┌────────

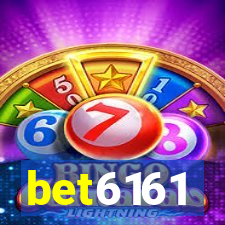 bet6161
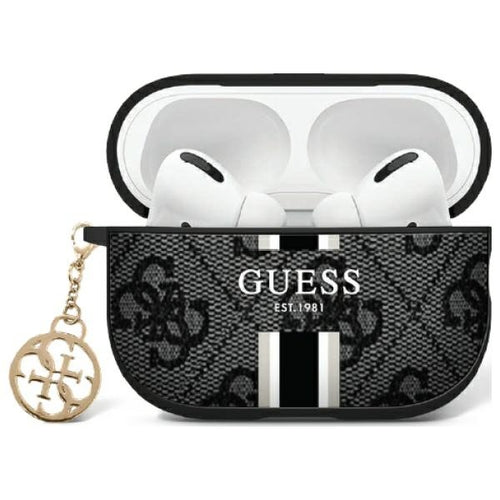 cover guess airpods pro 2 con charme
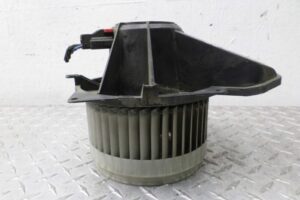 Изображение товара 142054 - 00142054 ventilyator otopitelya (motorchik pechki)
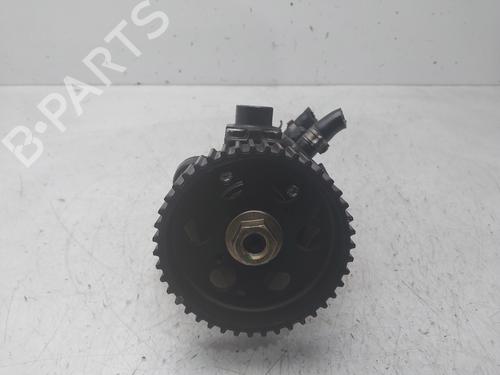 Injection pump OPEL VECTRA C (Z02) | BP30772437M78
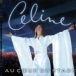 Céline Dion&nbsp;-&nbsp;Au coeur du stade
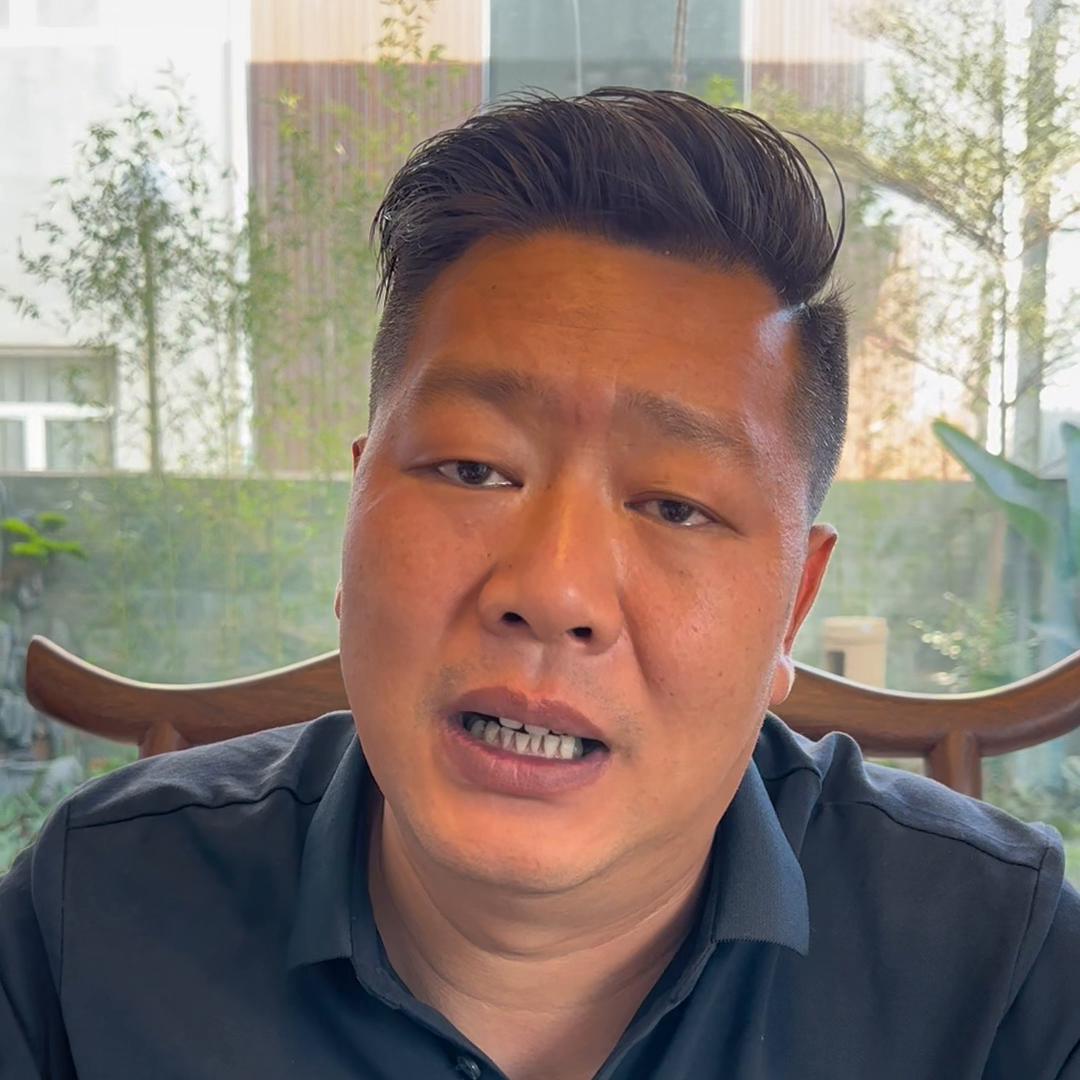 老旱茶是什么茶,老旱茶与大白茶的区别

└────────

• **Task statement**
Every line from the one holding "cover guess airpods pro 2 con charme" through the last line of the entries above, and nothing else, is to be restated word for word. Pictures stay out.

• **Response for this exercise**
 cover guess airpods pro 2 con charme
 Изображение товара 142054 - 00142054 ventilyator otopitelya (motorchik pechki)
 Injection pump OPEL VECTRA C (Z02) | BP30772437M78
 Céline Dion&nbsp;-&nbsp;Au coeur du stade
 老旱茶是什么茶,老旱茶与大白茶的区别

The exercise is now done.